Thus, it can be seen that the typical problems associated with beat
changers are reduced using according to these embodiments.
[0048] The crossfading described by the embodiments above may be
automatically applied to all songs. Alternatively, some embodiments
may include an option to detect the genre of two songs, and apply
the crossfading based on the genre. For example, crossfading
between classical music may not be desired, therefore, in some
embodiments the crossfading is not performed when it is determined
that the first song and/or the second song is a classical music.
This could be determined, for example, based on metadata which
provides the genre of the respective songs.
[0049] An example use case according to exemplary embodiments is
when a user creates a music library with multiple songs (e.g.
digital music files) in a music player for example. The music
player may identify the dominant instruments in each song, and
automatically crossfade across songs based on the identified
dominant instruments, which means that some songs may start playing
from the first time stamp of such dominant instrument. This type of
implementation provides seamless crossfading from one song to
another based on selected instruments.
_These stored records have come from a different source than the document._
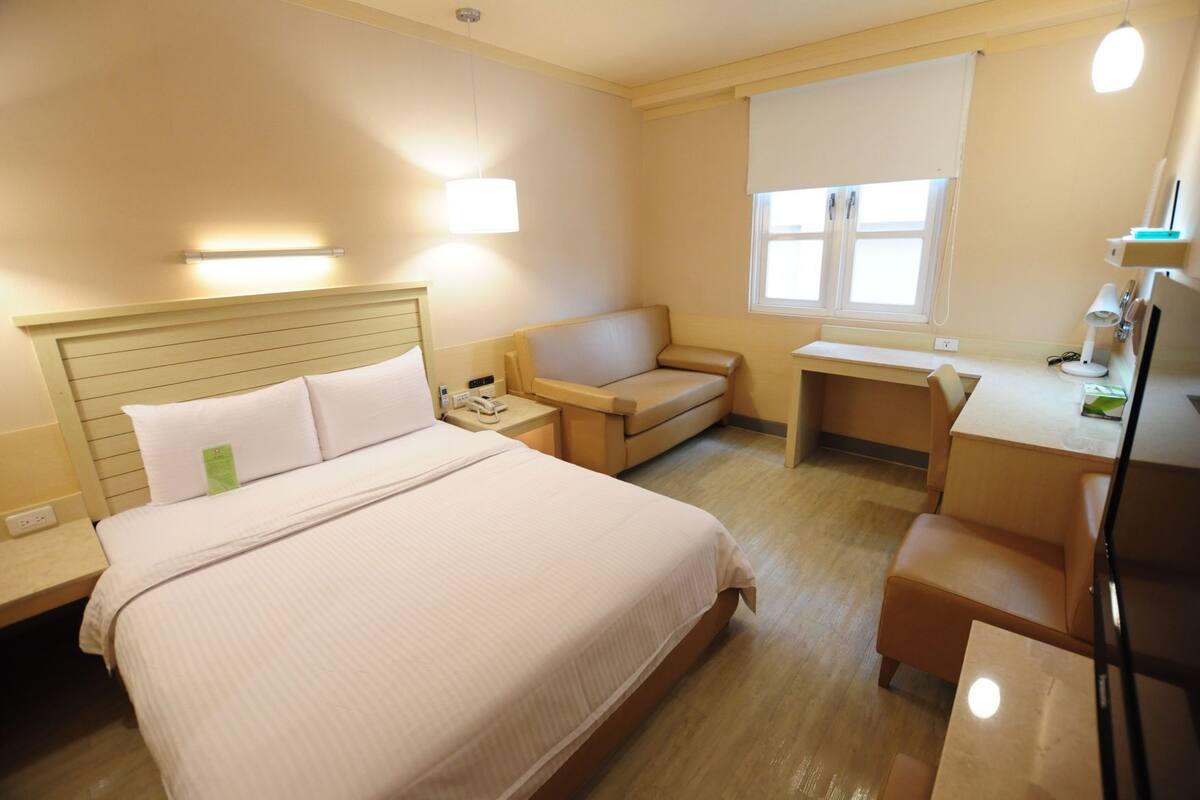 Ein Hotelzimmer mit Bett, Nachttisch, Lampe, Schreibtisch, Stuhl und einem Fenster.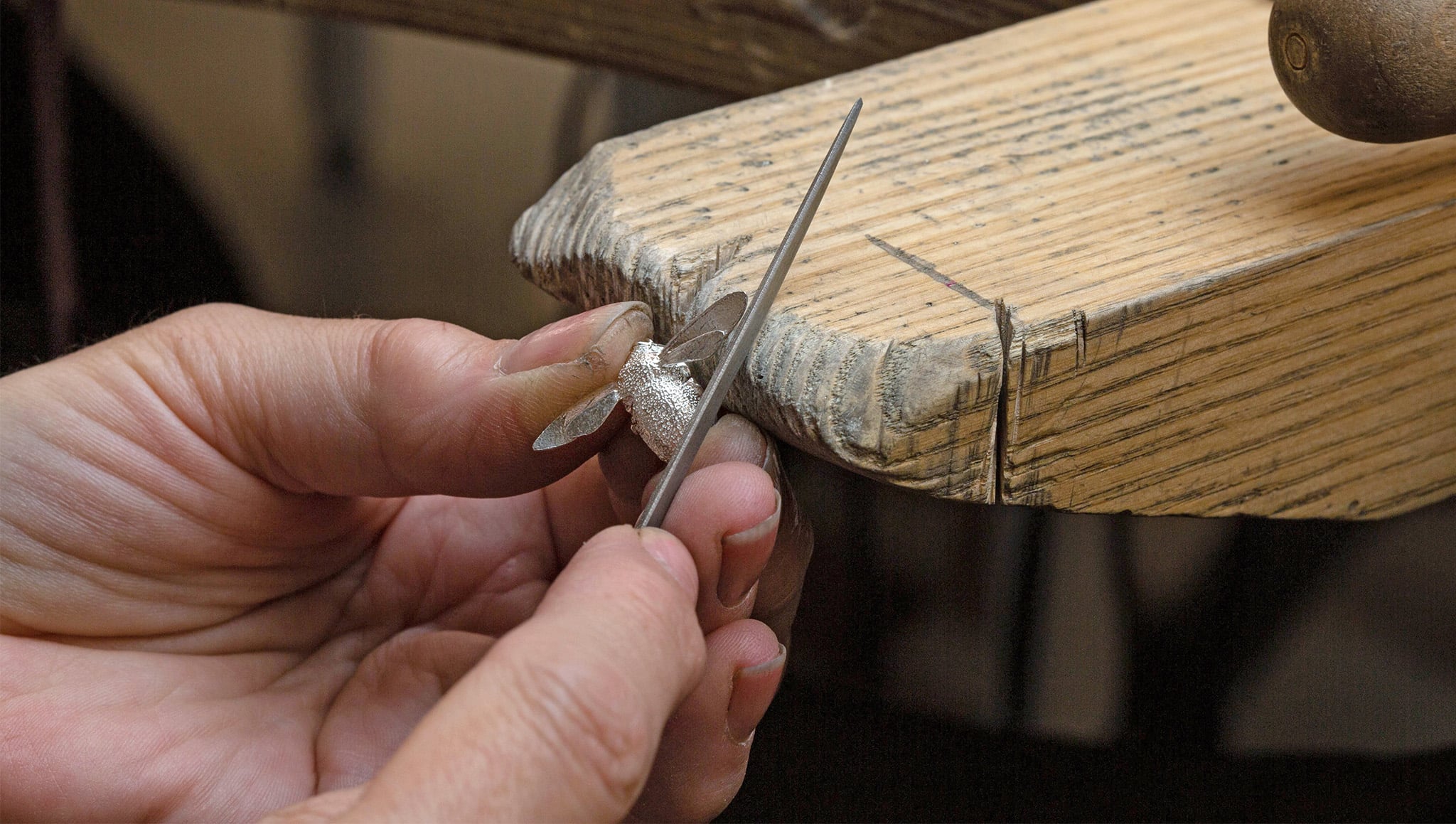 Workshop image of a silver bumblebee necklace casting being filled down on a jewellers bench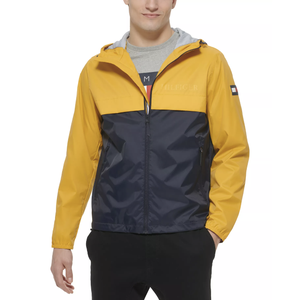A man wears a color-blocked jacket with a yellow top half and navy bottom half, featuring a hood and zip closure.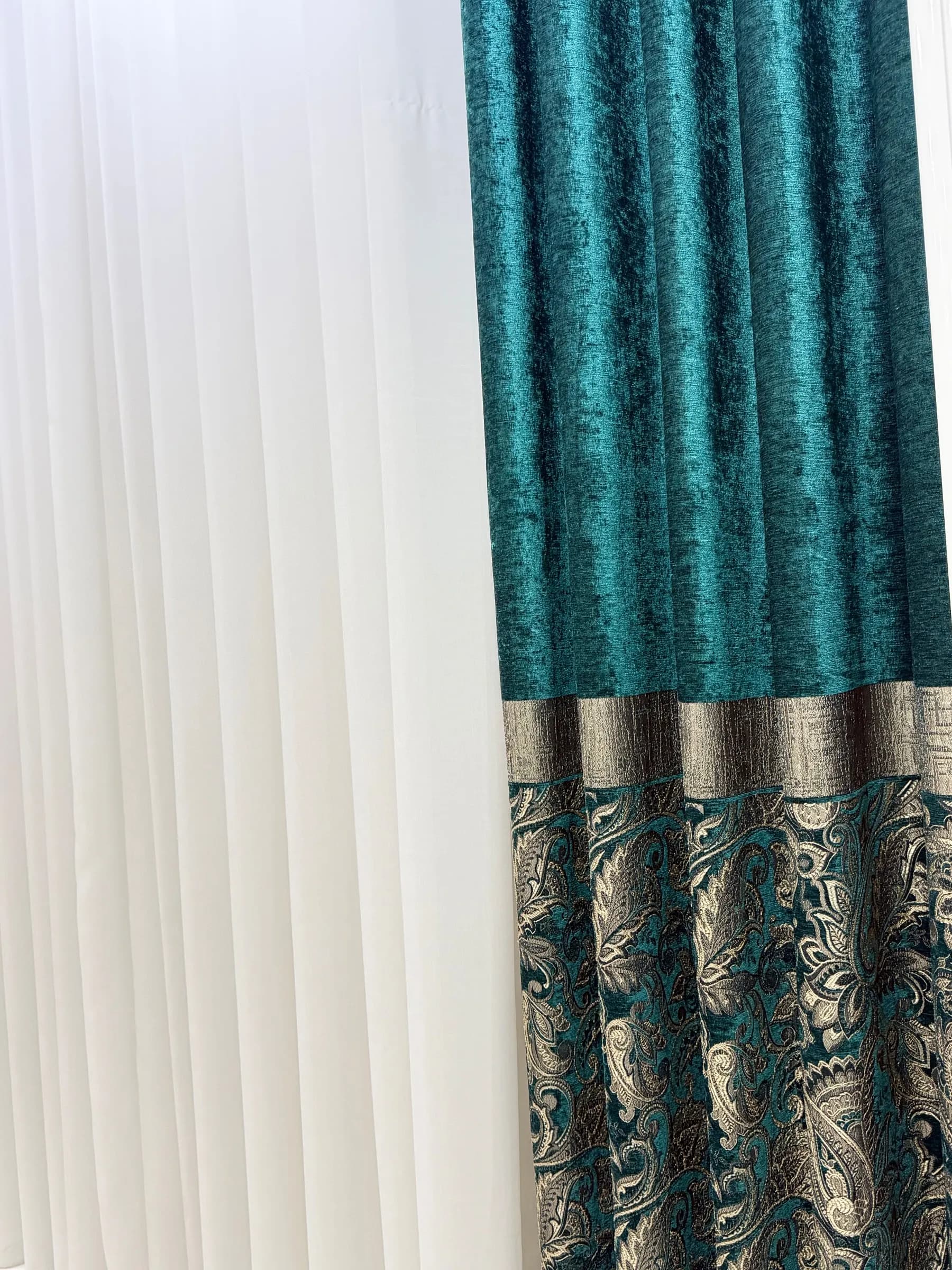 Ivory linen roman blinds with soft folds in a dining room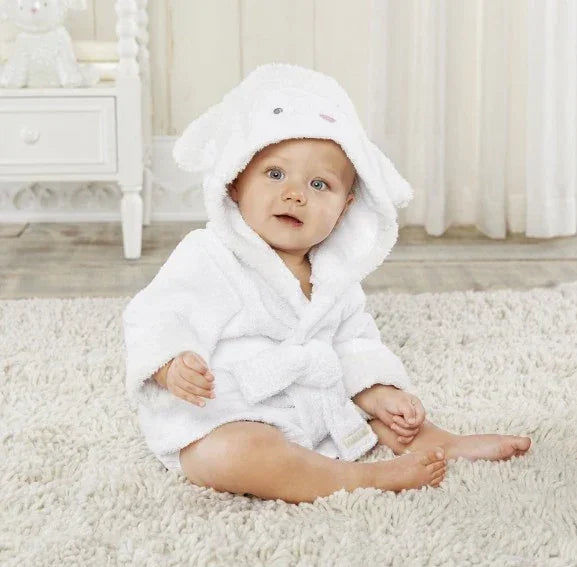 Baby in soft white hooded bathrobe with animal ears, sitting on plush carpet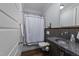 Updated bathroom with a granite countertop, subway tile backsplash, and tub-shower combination at 2309 Yancey St, Raleigh, NC 27608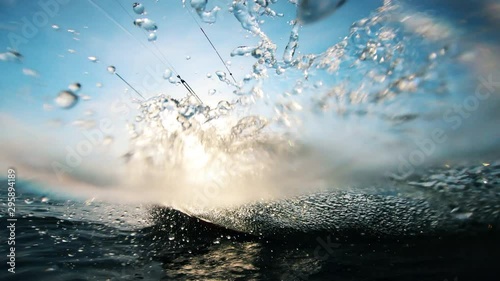 A kitesurfer splashing water while riding a board. Kite surfer kiteboarding.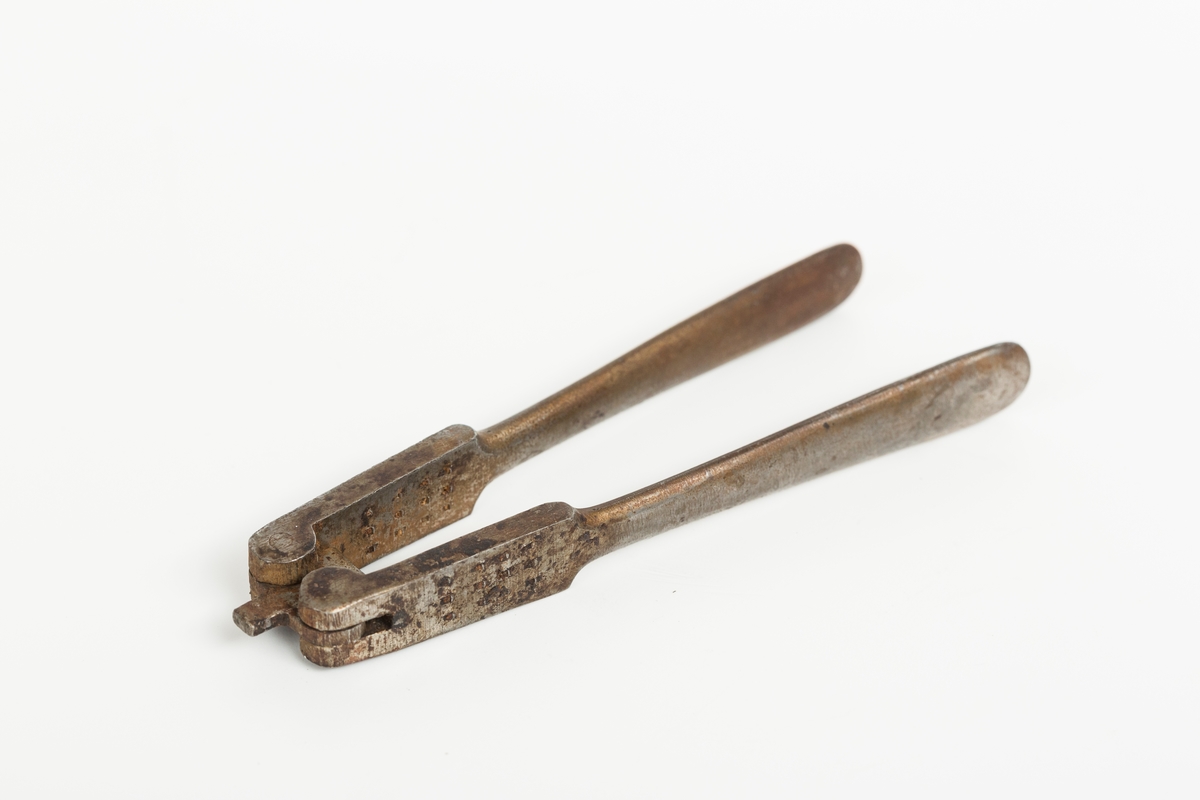 Nøteknekker i stål uten dekor. Utslåtte knaster på "gripeflatene". Hengsel med avstandstykker for to knekkeavstander.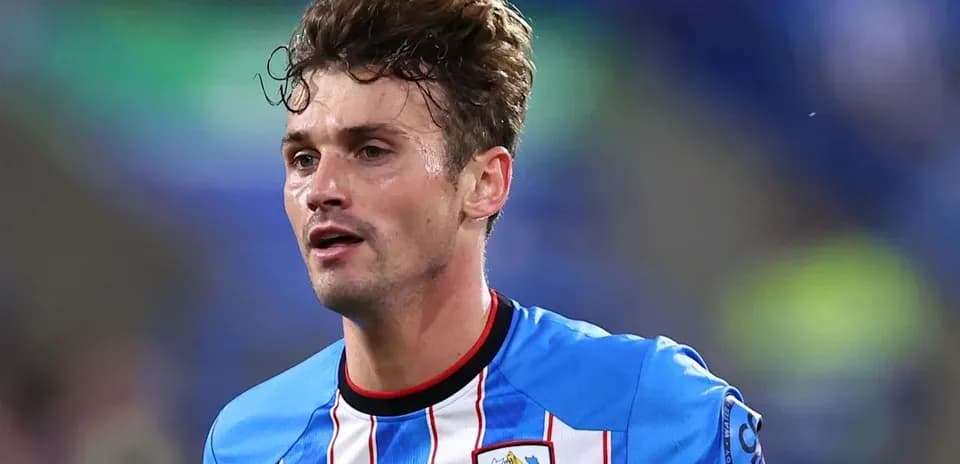 Jugador de fútbol con camiseta azul y blanca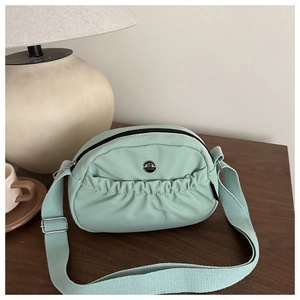 Detailed macro view of mint green nylon crossbody bag with pleated front and metal logo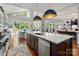 Bright kitchen featuring a large island with marble countertop and stainless steel dishwasher at 7221 High Point Ct, Charlotte, NC 28278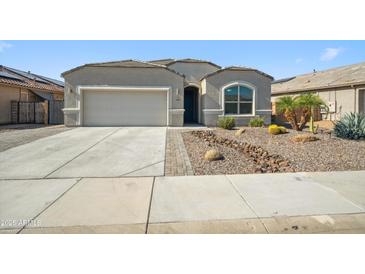 Charming single-story home featuring low-maintenance desert landscaping and a two car garage at 13529 W Remuda Dr, Peoria, AZ 85383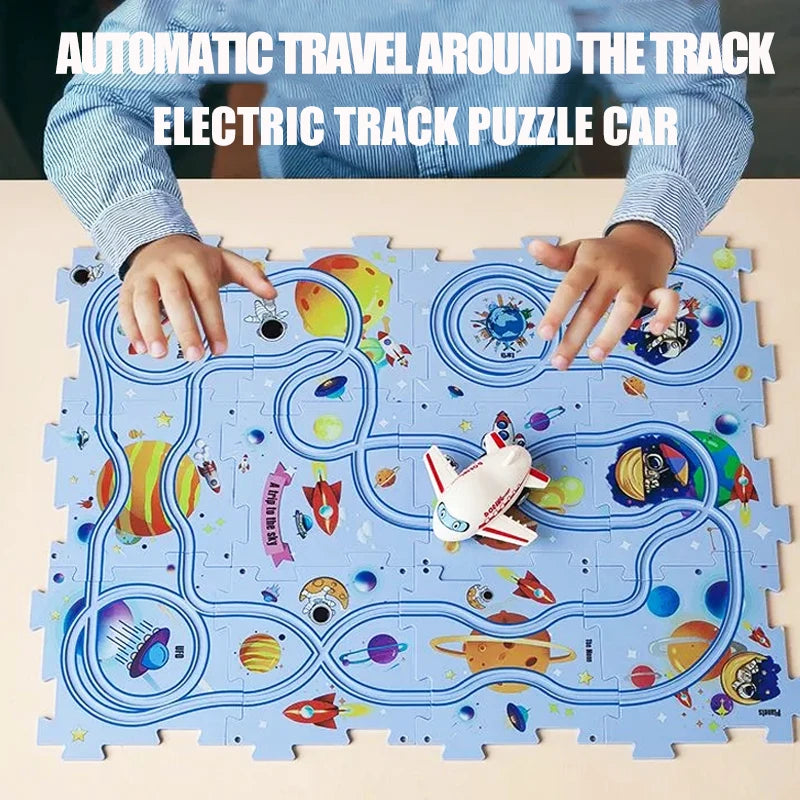 A child's hands are assembling a puzzle car made of interlocking plastic pieces that form an electric track.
In some embodiments, the
user may also configure settings in the music player which can
decide which instrument to use for such crossfading.
[0050] FIG. 6 is a logic flow diagram for intelligent crossfading
with separated instrument tracks. This figure further illustrates
the operation of an exemplary method, a result of execution of
computer program instructions embodied on a computer readable
memory, functions performed by logic implemented in hardware,
and/or interconnected means for performing functions in accordance
with exemplary embodiments. For instance, the audio module 108-1
and/or 108-2 may include multiples ones of the blocks in FIG. 6,
where each included block is an interconnected means for performing
the function in the block. The blocks in FIG. 6 are assumed to be
performed by the apparatus 100, e.g., under control of the audio
module 108-1 and/or 108-2 at least in part.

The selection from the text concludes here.